This article appeared in the November issue of VICE magazine. Click HERE to subscribe.
You might prefer to think that the mozzarella on your plate and the wine in your glass arrive thanks to the efforts of a maître fromager and an erudite vintner, but you may actually have to thank a prisoner.
Today, a number of products are being produced by prisoners—food and wine among them. But opinion is divided about whether for-profit prisoner labor constitutes rehabilitation or a 21st-century version of slavery.
Last year Whole Foods pulled brands of goat cheese and tilapia from stores after activists complained that prison labor wasn't in line with the company's image of fairness and integrity. But prisoners still produce plenty of food that's sold to the public, and much of it's unlabeled—although Jeff Stultz of the Winery at Holy Cross Abbey said one of his lines of wine proudly purchases grapes from CCI—Colorado Correctional Industries.

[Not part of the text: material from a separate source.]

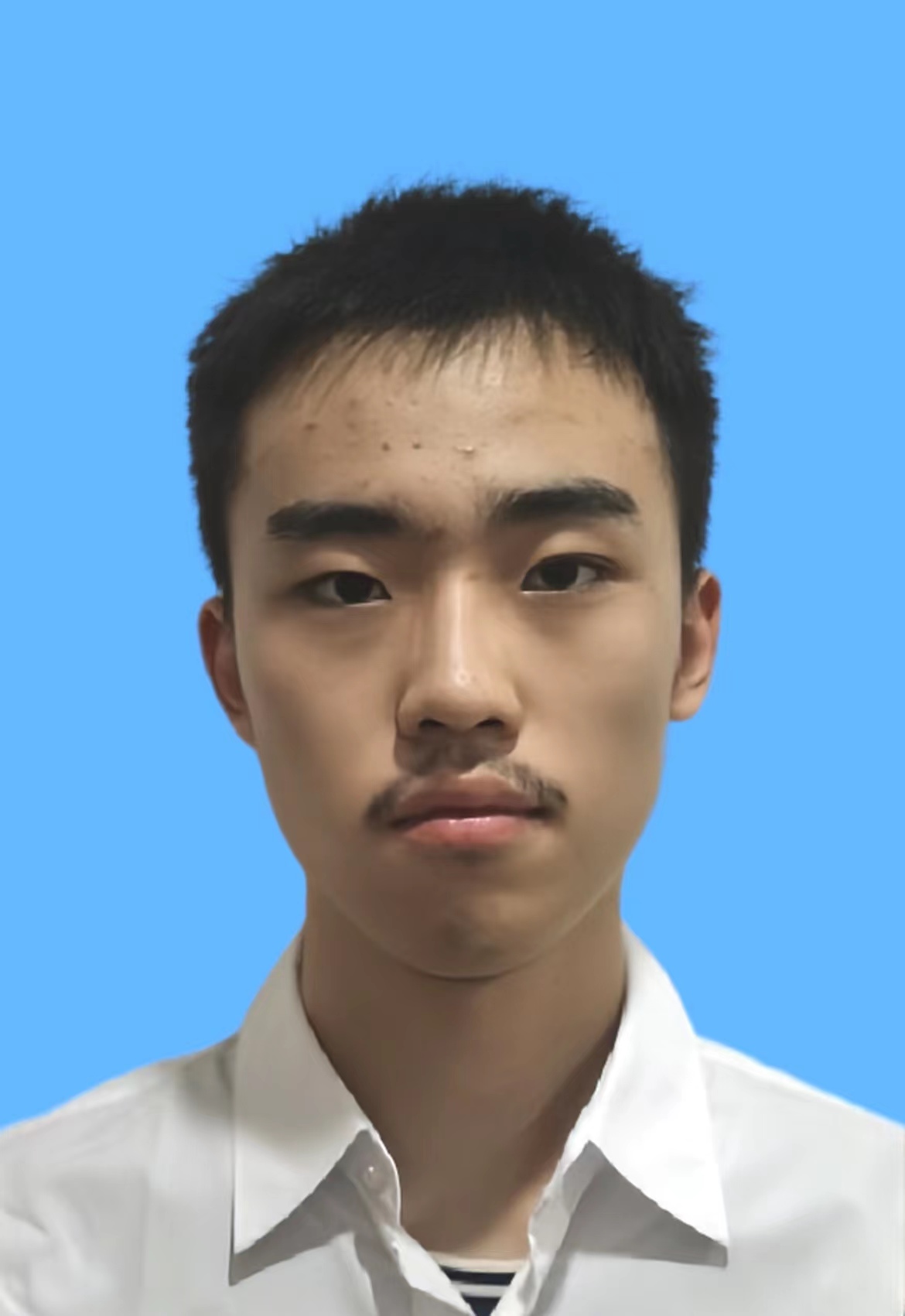 本科5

Critics, including Michael Allen of End Mass Incarceration Houston, believe that for-profit prison labor is tantamount to slavery redux. "It's all about race… taking advantage of disenfranchised communities. Their bottom line is to make money." Professor Erran Carmel of American University, who conducted a study on outsourced prison labor, disagrees: "The [inmates] learn what it means to wake up in the morning and go to work. That's quite important." Studies show that recidivism rates in the Prison Industry Enhancement Certification Programs, established by Congress in 1979, are lower than for inmates who don't participate, though some say there's an element of self-selection, with more educated inmates electing to join.
Still, many inmates pocket far below minimum wage, and aren't given the right to organize or receive workers' compensation, as are other American employees. Muddying the ethical waters further, American prisons are filled with a disproportionate number of black men. Alex Friedmann, the associate director of the Human Rights Defense Center and managing editor of Prison Legal News, told me, "You tend to see more of the agribusiness-type working the southern states. In some cases, prisons were built directly on top of old plantations such as Angola in Louisiana." Director Ava DuVernay's new documentary, 13TH (after the constitutional amendment that outlawed slavery, except for convicted criminals), makes the point that prisons have become the new plantations.
Friedmann said, "Nobody tracks the numbers of prisoners making food products," but "the main products are mostly agricultural." While most are used in the prisons, he said, "in Washington State, prisoners pick apples...in Florida, they package meat products." Some may end up in your home.
Tonight's hors d'oeuvres? It's possible they're being sourced from your local penitentiary.